History of Force Measurement in the US – Part 7

Continuing its effort to make relevant knowledge available to the public, the Bureau published a third circular in 1918, Circular 75 “Safety in the household.” So popular and enduring was the first edition, that the Bureau revised the data accordingly and published a second edition in 1932. The focus of “Safety in the household” was to bring awareness to the increasing dangers posed by household use of gas and electricity, newly developed poisons (like cleaning materials), and other safety concerns that came with the boom in invention and availability of an ever-wider range of products to the average consumer.



The combined impact of all three circulars was to leave an impression on the public that the Bureau existed to test household materials and appliances, with the whole scope of the Bureau’s work known only in technical and scientific arenas. In fact, so unaware was the general populace of the Bureau’s full work that Thomas Edison suggested that the government establish a similar entity in 1915 because he didn’t know that it already existed.



Although the Bureau was quick to see the need for its presence in electrical concerns and materials production and standardization, it was somewhat slow to adopt an interest in the field of radioactivity. In 1904, a physics professor came to the Bureau with a book entitled “Radioactivity,” but the Bureau took little interest. Following a second edition of “Radioactivity,” a Nobel Prize to its author Rutherford, and a visit in 1909 to the Bureau by Rutherford himself, the Bureau finally took notice of the future of nuclear physics.


Tangential to radiation, another kind of emanation, radio telegraphy (wireless) was also introduced. The earliest experiments in transmission of sound through radio signals had begun around 1901. Though its existence was known, use of radio was not employed in World War I and it was not really commercially developed until the 1920s. Early work on radio at the Bureau focused on its use in Navy communications as the U.S. Naval Radiotelegraphic Laboratory at the Bureau. Not long after Navy investigations were established, the Army followed suit. For several years, the Bureau housed the investigators from the armed services, before actually beginning work on radio itself in 1911, when a commercial researcher sent in his frequency meter for calibration.
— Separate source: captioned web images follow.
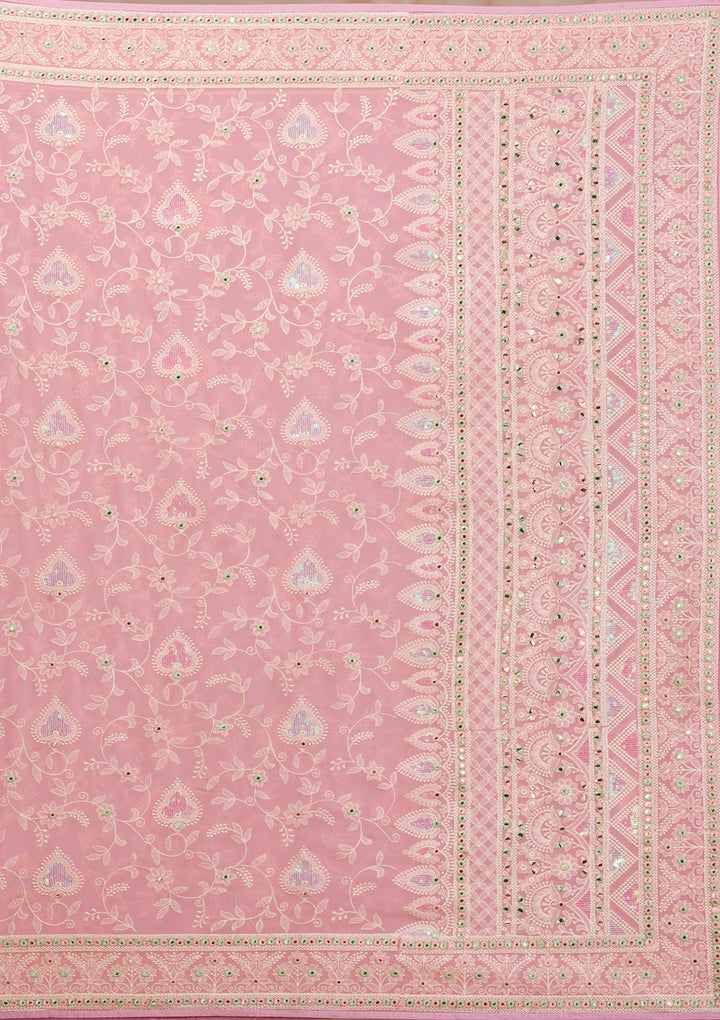 Pink Gotapatti Chiffon Saree
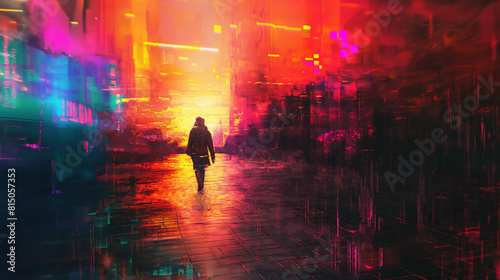 The dark figure of a person walking down a city street with bright lights and colorful reflections on the wet pavement. © VRAYVENUS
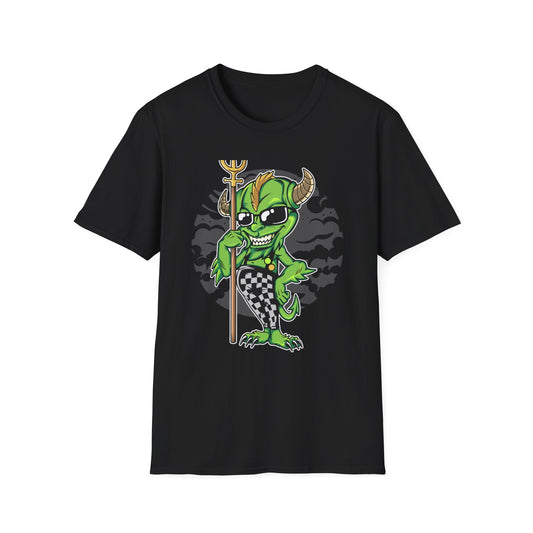 Wicked Mischievous Green Imp T-Shirt | Cool Cartoon Devil with Trident & Checkered Pants | Edgy Graphic Tee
The means for calibrating radio equipment did not exist at the Bureau, so the problem was turned over to their resident wireless expert who soon headed a new section called radio measurements. The first radio-related issue to be tackled in detail was the investigation of ammeters used to measure high frequency current in radio transmitters. This study led to the establishment of heavy-current standards for radio frequencies. For the most part, the army/navy researchers at the Bureau concentrated on low frequency longer transmission signals, the Bureau dedicated the bulk of its early work to high frequency commercial concerns.



In 1912, on the eve of a Wireless Conference in London (to which the Bureau would send a representative), the sinking of the Titanic showed how useful radio could be and how badly trained operators were needed. Four ships were within 60 miles of Titanic when radio operators sent their first distress signals, but inexperienced operators had trouble receiving the messages or were not manning their radios at the time. Only one of the ships responded to Titanic’s signals.



For the most part, the degree to which human error in use of radio had contributed to the loss of life in the Titanic disaster remained unknown, but the Wireless Conference in London did determine that only the 600-meter wavelength would be used for ships at sea and it set other standards in place regarding radio transmission at sea.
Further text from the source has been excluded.